» **WORK INSTRUCTIONS**
Each line of data below must be printed exactly as written, with any pictures removed.

» **SUPPLIED INFORMATION**

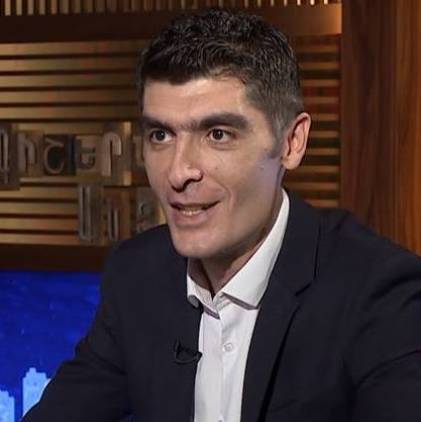 Գիրք գնելուց առաջ՝ հարցրեք խորհրդատուին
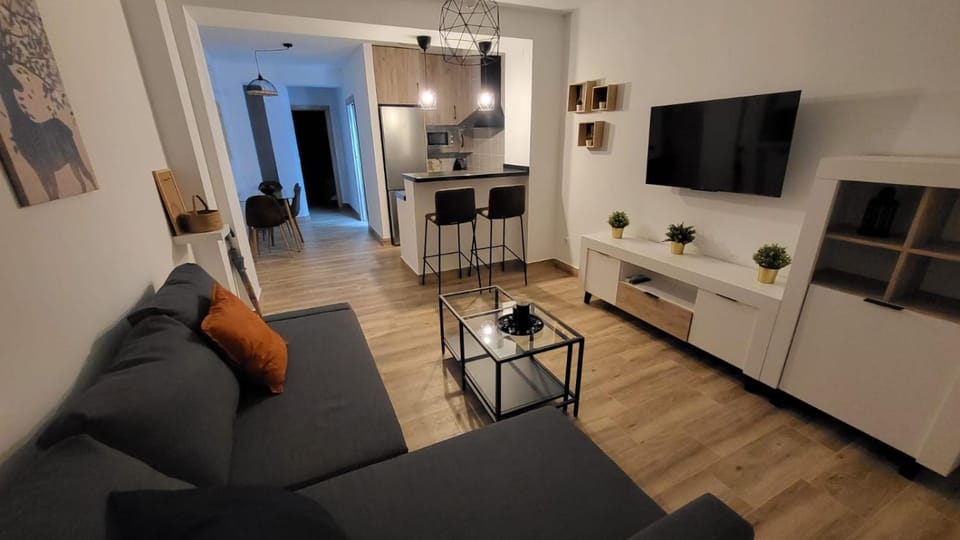 TV and multimedia, Kitchen or kitchenette, Living room, Seating area, Dining area, Evening entertainment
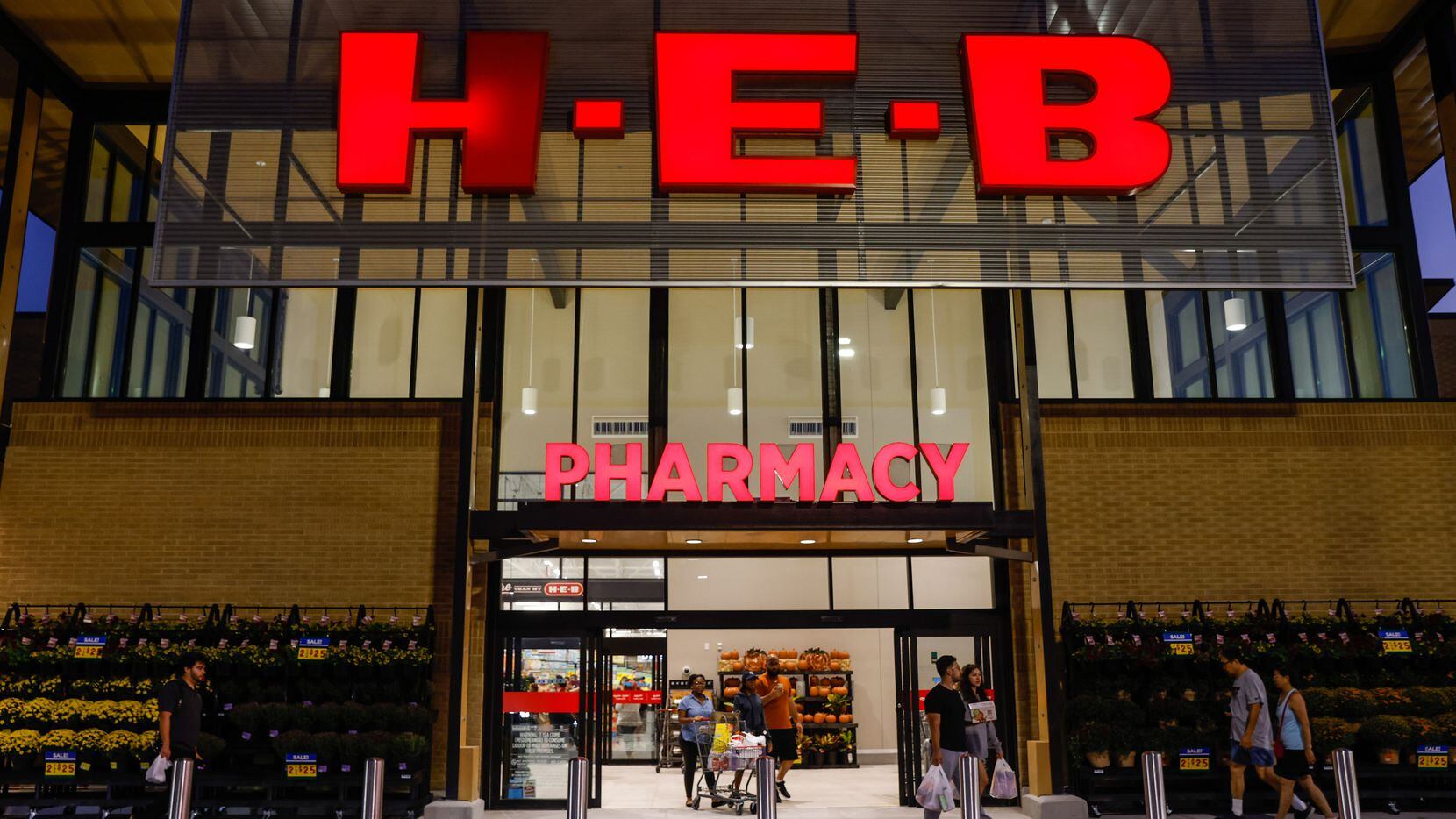 H-E-B opened its first Frisco store on Wednesday, Sept. 21, 2022.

» **RESPONSE**
 Գիրք գնելուց առաջ՝ հարցրեք խորհրդատուին
 TV and multimedia, Kitchen or kitchenette, Living room, Seating area, Dining area, Evening entertainment
 H-E-B opened its first Frisco store on Wednesday, Sept. 21, 2022.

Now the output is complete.